One of the main reasons for the housing boom in recent years is the Clinton Taxpayer Relief Act of 1997.

If you'll recall, this is the tax code change that turned home equity gains of up to $500K into "tax free" gains, as long as you lived in the residence for two of the last five years before the sale (the $500K maximum is for couples - there is a $250K limit for singles).

Does this make sense? Could this tax code change be contributing in a big way to the housing mania? Let's look at two recent sources for this line of reasoning.

In Christopher Farrell's latest missive he notes:

What accounts for the housing boom? Economists have cited a number of fundamental factors, including low interest rates, favorable demographics, and restrictions on development. But the unappreciated force that may have infected a strong housing market with home-buying mania is bad tax policy. Specifically, I mean the Taxpayer Relief Act of 1997, signed by Bill Clinton.

And this, from one of our favorite economists, Larry Kudlow:

Upward price momentum has kicked into higher gear in recent years for two important reasons. First, housing is highly tax-advantaged. The 1997 tax-cut bill — proposed by a Republican Congress and signed into law by a Democrat president, Bill Clinton — permitted the first $500,000 of profits from the sale of a home to be tax-free. This came on top of existing law that permits mortgage expenses to be tax deductible depending on one’s income bracket.

These supply-siders agree that somehow the 1997 tax cut has contributed in a big way to skyrocketing real estate prices, but how? The previous law required gains to be reinvested in a higher value residence within two years in order to avoid paying taxes. There was also a one-time exclusion if you were over the age of 55 - this was designed to help retirees relocate to less expensive areas without incurring a big tax bill.

Ahhh, memories. Back in the nineties we would occasionally hear stories about someone who was about to retire and move away from Southern California with a pile of cash from the sale of their home. They had lived in that home for the last 20 years and they only owed another $15K on it, and they were going to sell it for $245K. That was a pile of cash back then - those numbers are almost comical by today's standards, and it wasn't that long ago.

But we digress...

It seems that if anything, this tax law and today's real estate prices would encourage more people to sell than to buy. As discussed in yesterday's post, some people are "cashing out", taking advantage of these tax free gains, then waiting patiently for prices to return to more normal levels.

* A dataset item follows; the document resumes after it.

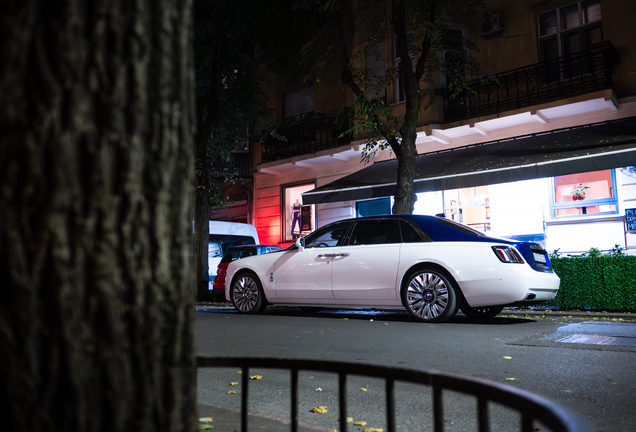 Rolls-Royce Ghost Series II 2025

Whether or not this will work out for them, we don't know. But, on the face of it, for the average homeowner, the 1997 tax law change is an incentive to sell in the bubbly areas, not buy.

It is understandable how real estate investors could move from house to house every two years, fixing one up then selling it at a hefty tax-free gain before moving on to the next one, but surely this cannot explain much of the real estate craziness of recent years.

One person, one house, two years - that doesn't sound like a mania.

Most recent accounts of investor behavior describe individuals buying property to rent out at a loss for a year or two, then sell for a profit. This would not be eligible for the tax-free status, nor would the activity of "flippers", who sell long before the minimum two year period.

Does the 1997 tax law simply encourage people to buy with the expectation of selling sometime in the future with a huge tax free gain? And then what? Move to another state?

Does this supply-sider argument make sense to anyone?